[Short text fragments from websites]
-- -- --
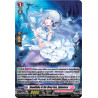 Vanguard_TCG_card_DZ-BT10_042EN_RR_Snowflake_of_the_Deep_Sea_Ephemere_Dragonsoul_Resonance
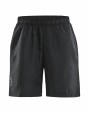Bermuda & short personnalisable CRAFT Rush Shorts W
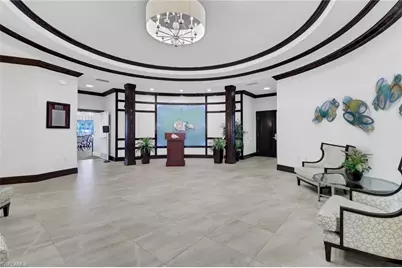 1325 Kings Way, Naples, FL 34104 - Photo 42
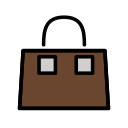 OpenMoji 17.0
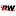 Rwoperu.com Favicon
-- -- --
About this exercise
Copy the records above exactly, leaving out every picture.

Answer for the task
 Vanguard_TCG_card_DZ-BT10_042EN_RR_Snowflake_of_the_Deep_Sea_Ephemere_Dragonsoul_Resonance
Bermuda & short personnalisable CRAFT Rush Shorts W
 1325 Kings Way, Naples, FL 34104 - Photo 42
 OpenMoji 17.0
 Rwoperu.com Favicon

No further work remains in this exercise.